Growing networks with preferential deletion and addition of edges

A preferential attachment model for a growing network incorporating the deletion of edges is studied and the expected asymptotic degree distribution is analyzed. At each time step t=1,2,…, with probability π₁>0 a new vertex with one edge attached to it is added to the network and the edge is connected to an existing vertex chosen proportionally to its degree, with probability π₂ a vertex is chosen proportionally to its degree and an edge is added between this vertex and a randomly chosen other vertex, and with probability π₃=1−π₁−π₂<1/2 a vertex is chosen proportionally to its degree and a random edge of this vertex is deleted.
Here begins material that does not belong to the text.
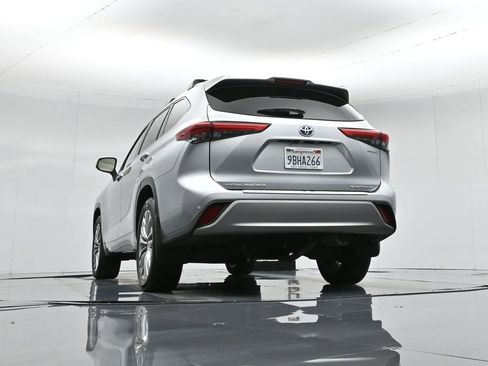 Used 2022 Toyota Highlander Platinum image 61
The model is intended to capture a situation where high-degree vertices are more dynamic than low-degree vertices in the sense that their connections tend to be changing. A recursion formula is derived for the expected asymptotic fraction p_k of vertices with degree k, and solving this recursion reveals that, for π₃<1/3, we have p_k∼k^{−(3−7π₃)/(1−3π₃)}, while, for π₃>1/3, the fraction p_k decays exponentially at rate (π₁+π₂)/2π₃. There is hence a non-trivial upper bound for how much deletion the network can incorporate without losing the power-law behavior of the degree distribution. The analytical results are supported by simulations.